As Robert Ebert, dean of Harvard Medical School, wrote in 1965, “The existing deficiencies in health care cannot be corrected simply by supplying more personnel, more facilities and more money. These problems can only be solved by organizing the personnel, facilities and financing into a conceptual framework and operating system that will provide optimally for the health needs of the population.”

Anthony M. DiGioia
Eve Shapiro

Continuous performance improvement

The Patient Centered Value System (PCVS) is just such an operating system — a continuous performance improvement methodology that is practical, easily implementable, and couples clinical and financial performance.  PCVS delivers value-driven outcomes and experiences.

According to Lindsey, PCVS focuses explicitly on the patient and family as “the core concern” and engages them as partners in health care co-design.
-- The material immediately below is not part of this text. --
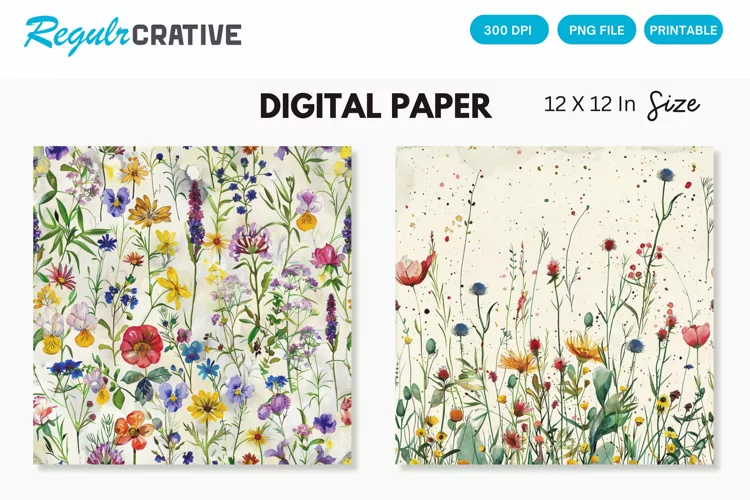 Watercolor Wildflowers Seamless Digital Paper, Wedding PNG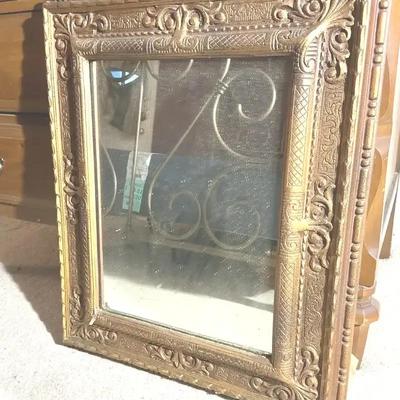 21x25 Wood Frame Gold Mirror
Furthermore, PCVS addresses the needs of everyone involved in delivering care, including providers, hospitals and insurance companies.

In the words of Donald M. Berwick, MD, MPP, president emeritus and senior fellow at Institute for Healthcare Improvement and a past CMS administrator, “…if we listen carefully and with open minds to what patients and families tell us, we can find the best compass toward improving our delivery of care and their care experience. Relationships with patients and families … come first, but the spiraling costs of health care also need to be understood and brought under control for the benefit of patients, families, communities, providers, and organizations.”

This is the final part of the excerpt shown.